Getting to Know Plasma Dolphin

I had the pleasure of sitting down with Sonja Katanic, the co-founder of an online/print arts and culture literature magazine called Plasma Dolphin. She and her friend Emma Cohen started it here at WCI back in 2013. Their focus is, “going into people’s specificities and all the little, gritty details of their lives. We love each piece to kind of reveal a truth about one of the contributors and that way it’s this little collection of different people’s stories,” in her words. They try to prioritize personal and illustrated essays in hopes of getting authors published, but aim to be pretty equally spread between writing and photography. They receive, on average, fifty to sixty pitches per issue and narrow it down to around thirty pieces that get published. Sonja and Emma’s varied backgrounds make them a good team.
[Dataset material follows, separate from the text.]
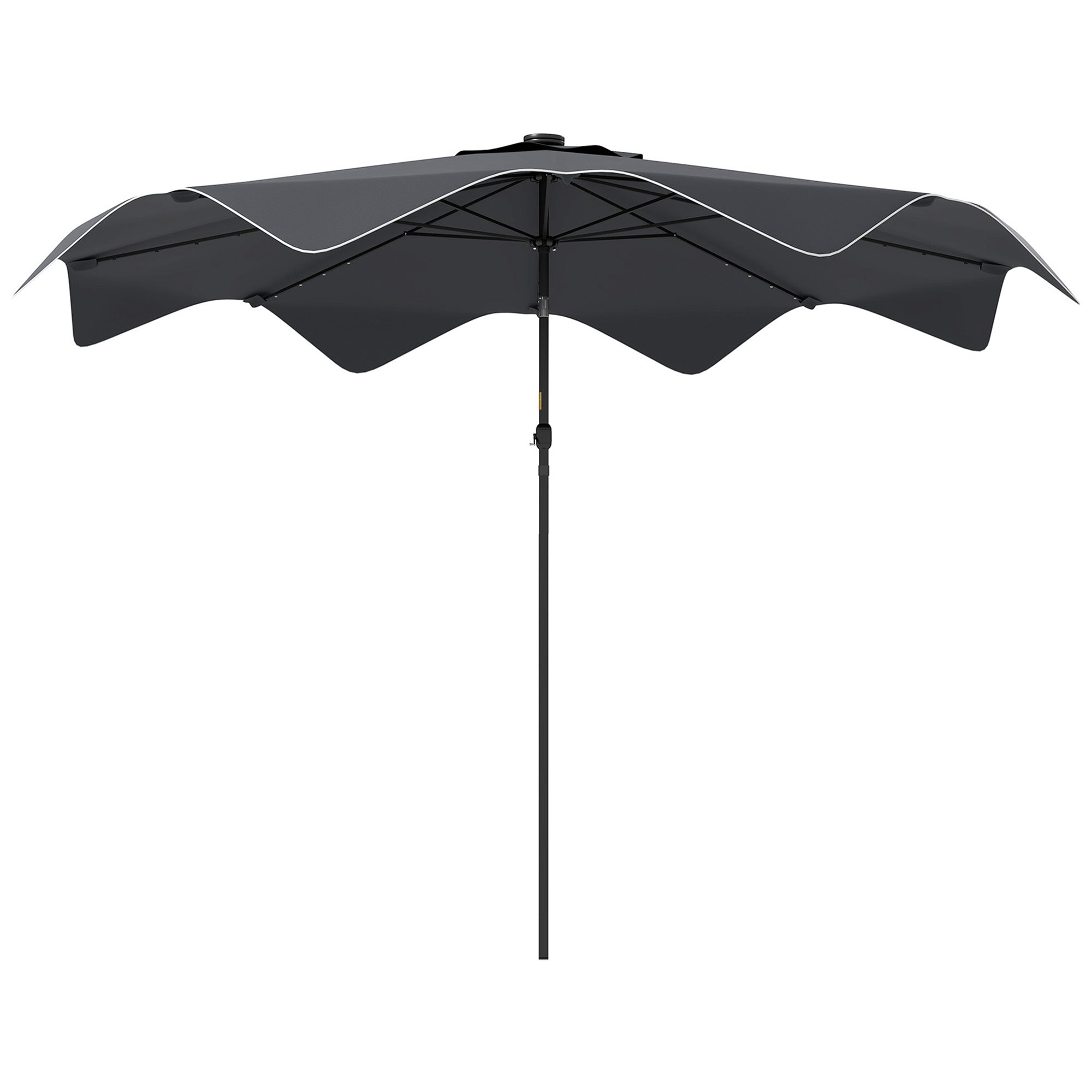 Outsunny Solar Patio Umbrella with LED and Tilt, Outdoor Market Table Umbrella Parasol with Crank, 10 x 10 ft, Dark Grey 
Sonja is a student at the University of Waterloo studying Global Business and Digital Art while Emma is at Concordia for Creative Writing. “The way that we do it is she does a lot of the editorial, editing, and writing while I focus a lot on visuals and design. It worked out really well,” Sonja says. When asked about their biggest challenge thus far, she said without hesitation that it was the jump from online to print.  “When you do stuff online it’s quite easy to just get stuff, edit it, put it up, and do publicity. With the print issue, suddenly you have to look at funding and run an Indiegogo and try to get publicity for that,” she comments. She says that sometimes the issue isn’t with the funding but with the artists doing the pitching. “People also treat the stuff that they submit to us really different when it’s in print. Fewer people are going to see it so they feel a little more open about it and then some people feel a lot more attached to their submissions,” she says.

They used to publish around three or four online issues a year but now the plan is to do a print issue and an online issue every year. The most current issue and the very first print issue, Participation Mystique, came out at the end of August. Sonja says that the next issue, which will be online, will most likely be coming out in February. “We’re just about to start the process of asking people for pitches and deciding the theme. It’s about to be hectic again!” she says. The theme of ‘Participation Mystique’ came about in a more unconventional way than for prior issues. Emma was listening to a Chloe Caldwell podcast, a writer, who talked about the term ‘participation mystique.’ Sonja says, “It’s this old French philosophy term for the feeling you get when you’re really attached to something to the point where you don’t really know where you end and something else begins. You have a shared identity with someone you just love so much.” In the past, they’ve had themes such as ‘The Moment Before’ which is the feeling you get before you do something big. “This one is a lot more introspective and it kind of feeds into itself,” Sonja adds.

When asked about her advice for high school students looking to start their own endeavors her message was clear. “Mostly, just do stuff,” she says. “Even if you don’t think you’re good at something, just do it. Do it until you are good at it. It’s fun to just make stuff.” I don’t think she could’ve given better advice for high school students trying to figure out what they want to do with their lives. Personally, I cannot wait to see Plasma Dolphin grow even bigger, gain even more success, and see where it takes Sonja and Emma.